To give our blog readers an idea of what goes into a reader’s report on a given submission, I will share below some random examples. (Little known fact: Our volunteers often comment on each and every poem submitted.)
—Some nice moments, and the cadence of the lines is nice. It fizzles at points, but the conceit is kind of fun.
—Some fun rhythmic stuff going on, and some interesting images, but it’s just not there.
—Most of these poems are of good quality. They wear their influence very visibly on their sleeve—the late Adrienne Rich. There are quite a few worthy ones to pick from here.
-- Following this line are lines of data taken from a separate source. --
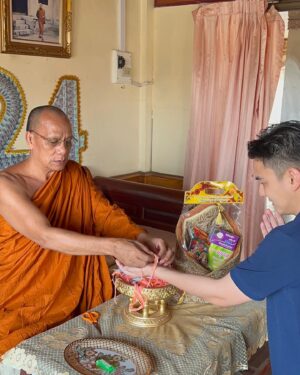 Thanwa Suriyajak Instagram - สะบายดี รวมมิตรสงกรานต์ที่ลาว “ปากเซ” 🇱🇦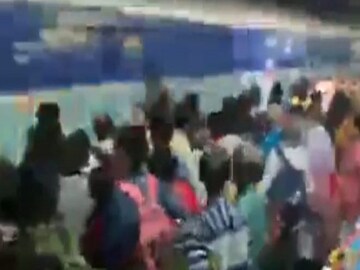 বিজেপির নবান্ন অভিযানে সামাল দিতে উত্তরের জেলা থেকে ট্রেনে করে কলকাতায় কর্মী-সমর্থকরা 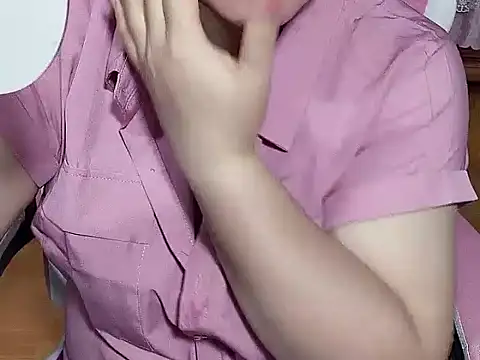 Snapshot of Sunna104 chatting on 02/10/26, 08:51 Sunna104 online show from 02/10/26, 08:51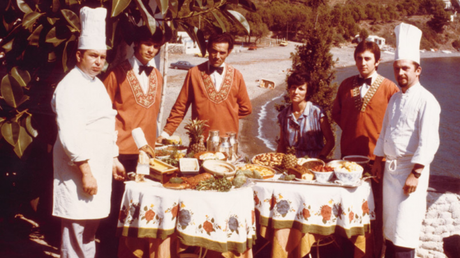 Jean Louis Neichel: “Aunque se agradecen los homenajes, yo prefiero dar, compartir, más que recibir” Neichel fue el chef que consiguió la primera estrella Michelin para El Bulli.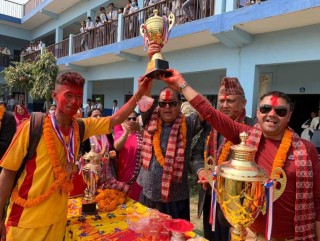 प्रथम राष्ट्रपति कप रनिङ शिल्ड विजेता लिलारामको विजय र्याली सहित नगर परिक्रमा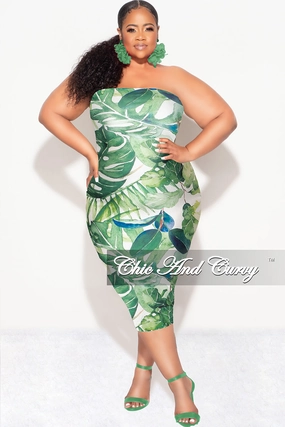 Relaxed Fit Final Sale Plus Size Strapless Tube BodyCon Dress in Green & White Leaf Print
Birds and bird imagery seem important to this poet.
—An enjoyable poem about imagination, and has some cool similes and subtle sounds.
—Deals with the liminal in an interesting way and does a good job showing.
—Reflects with dissatisfaction upon speaker’s childhood with some fairly beautiful lines, but it doesn’t seem to do much else.
—The poem seemed over before it began, and the details didn’t help the poem in terms of direction.
—I really love the pacing of this narrative, and the characters, and the unlikeliness of the ending. The only downside, for me, is that it sort of reads like a chapter in a novel; i.e., I’m not sure it necessarily stands as a story on its own.
—Creepy, spare, and simply narrated. Nicely paced. Overall, I really liked this one.
—Nice narrative essay about spiritual journey. The intro is not particularly interesting, but I was hooked by part I. Sometimes the philosophizing breaks up the flow of the piece, so that could be tightened, but it was pretty much fascinating all the way through.
—There is some awesome weirdness in the middle that makes this one stick out, even though the speaker creeps out of the poem to say things near the end in a way that breaks the spell.
—This essay is self-conscious without being sarcastic or precious, and I think it artfully chronicles the confusion and emotional upheaval of great loss. Thoughtful use of details, and a formidable ending.
—This piece has several things to recommend it: masterful use of tone, some fresh language choices, a compelling opening, and a definite momentum that carries the reader through the end. However, the irony is sometimes so awkwardly handled that it makes this piece hard to endorse. Also the characterization of secondary characters seems slight, and the narrator seems, at times, not just preoccupied but woefully dense (which undermines the story’s credibility somewhat).